В этом всеобщем страхе, который пережил своего носителя, и находилась разгадка той парализованности и нерешительности, какую проявляли враги Петра, чувствовавшие себя в щупальцах того спрута, который сидел, сначала в Преображенском застенке, в виде Ромодановского, а потом в Тайной канцелярии в Санкт-Петербурге, в лице гр. П.А. Толстого. Но уже через 10-13 лет после смерти Петра, обнаружилась цена того молчания, которым напутствовались высшие слои русского общества для Преобразователя. «Память Петра I, – писал Фоккеродт в 1737 г., – в почтении только у простоватых и низшаго звания людей да у солдат, особливо у гвардейцев, которые не могут еще позабыть того значения и отличия, какими они пользовались в его царствование. Прочие хоть и делают ему пышные похвалы в общественных беседах, но если имеешь счастье коротко познакомиться с ними и снискать их доверенность, они поют уже другую песню. Те еще умереннее всех, которые не укоряют его больше ни в чем, кроме того, что приводят против Петра Шраленберг, в описании Северной и Восточной части Европы и Азии… большинство их идет гораздо дальше, и не только взваливает на него самые гнусныя распутства, которыя стыдно даже и вверить перу, и самые ужасные жестокости, но даже утверждают, что он не ненастоящий сын Царя Алексея, а дитя Немецкаго хирурга, которое яко бы тайно подменила Царица Наталья вместо рожденной ею дочери, и умеют сказать о том много подробностей…»57

«Об его храбрости и прочих, приписываемых ему, качеств, у них совсем другое понятие, нежели какое составили о том за границей, и большей части его дел они дают очень странныя, не слишком-то для него почетныя, причины. Все его новые распоряжения и учреждения они умеют превосходно обращать в смешную сторону; кроме того Петербург и флот в их глаза мерзость, и уже тут не бывает у них недостатка в доказательствах для подтверждения этого положения.
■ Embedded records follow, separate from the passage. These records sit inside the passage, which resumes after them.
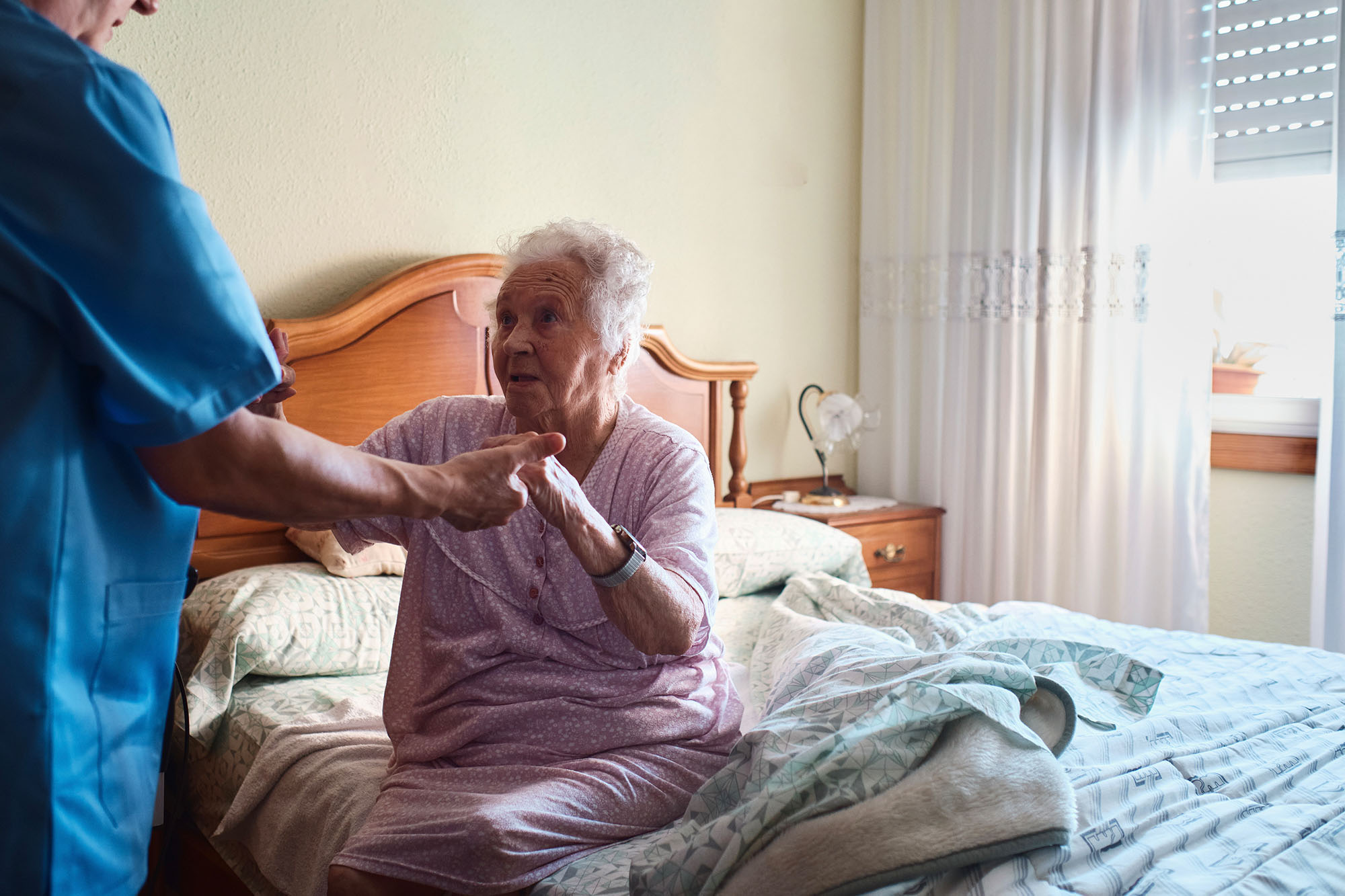 Home health care worker helping client rise from bed.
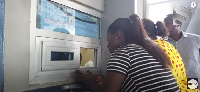 Cassie buying fish at the Tema harbour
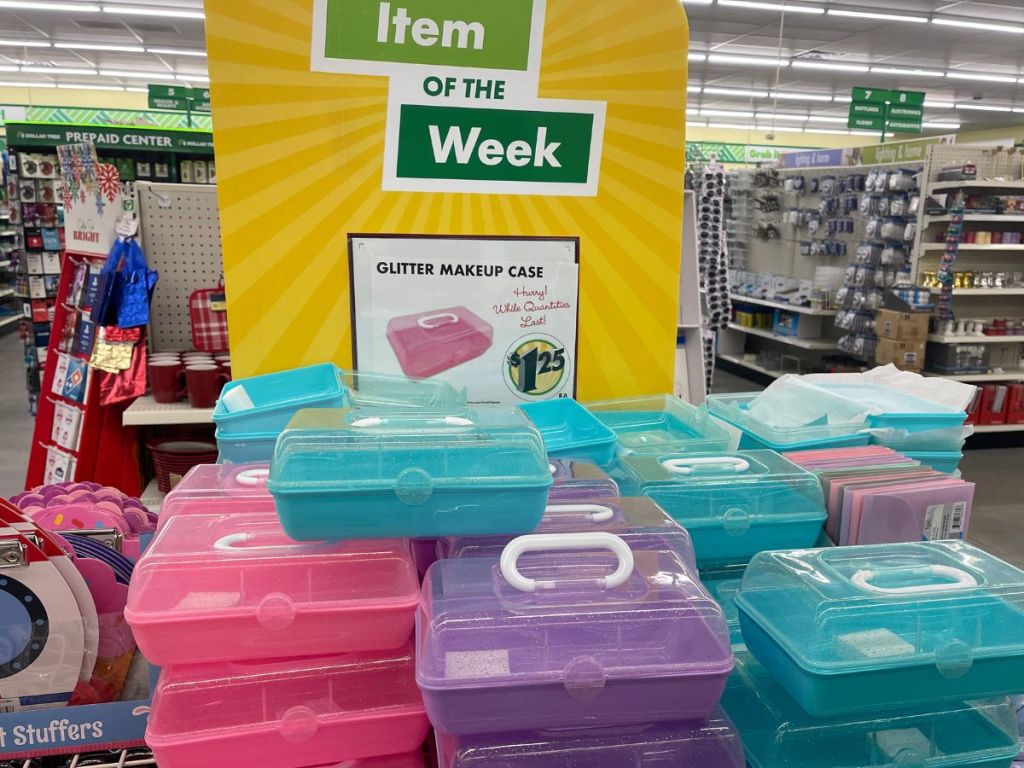 a stack of glittery plastic makeup cases in a dollar tree store.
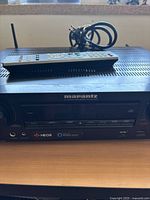Front view of Marantz NR1509 receiver with remote and attached antennas
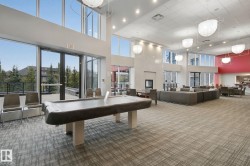 Expansive room with high ceilings, recessed lighting, and large windows - 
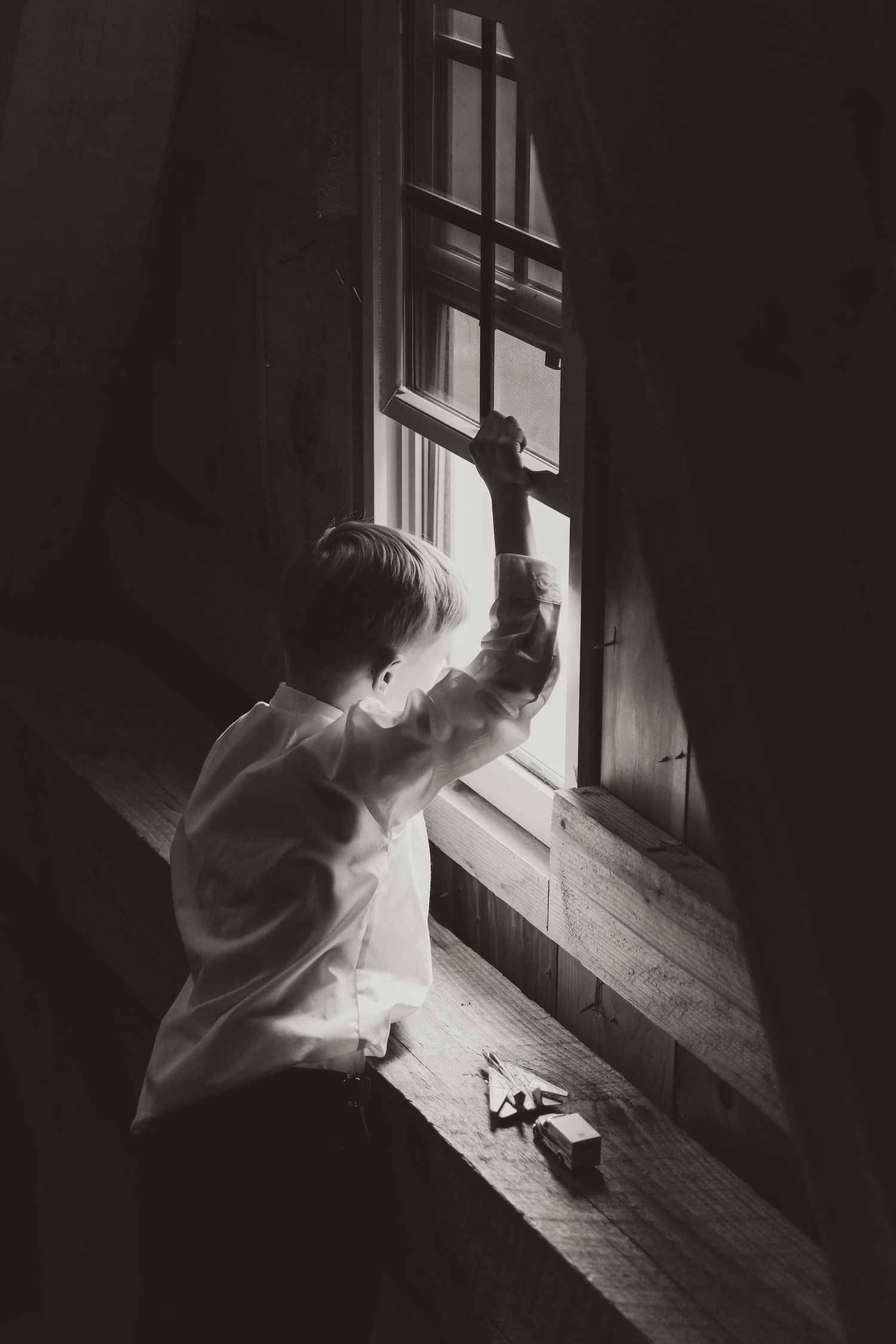 A child reaches up towards a window in a dramatic black and white photograph with soft natural light streaming in.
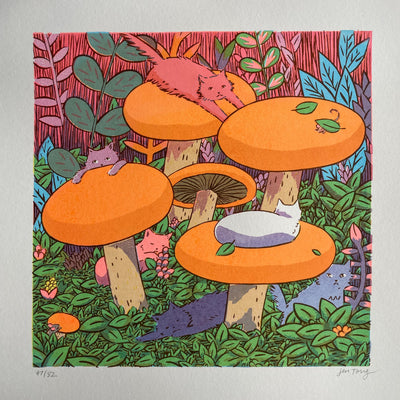 Colorful print of large orange mushrooms in a colorful forest with cats hanging around them.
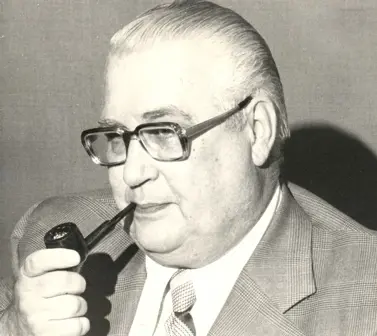 Black and white image of older man smoking pipe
Да и заведение правильнаго (регулярнаго) войска, считаемое всем светом за величайшую пользу, доставленную Царству Петром I-м, для них бесполезно и вредно; бесполезно по их твердой уверенности, что только бы они сами сидели смирно и не мешались без надобности в ссоры, а то никто не нападет на них из соседей, и что во всяком случае довольно с них и старых военных порядков для удаления врага от своих пределов; вредно, по тому что считают правильно обученное войско новыми узами, которыя вполне подчиняют их самовластному произволу Государя, как бы ни был он несправедлив и странен, лишают их всякаго покоя и удовольствия, какими они могли бы наслаждаться на родине, и принуждают их служить на войне, которая в подобном случае, по мнению их, великая беда, а для тех, которые служат тут по доброй воле – большая глупость»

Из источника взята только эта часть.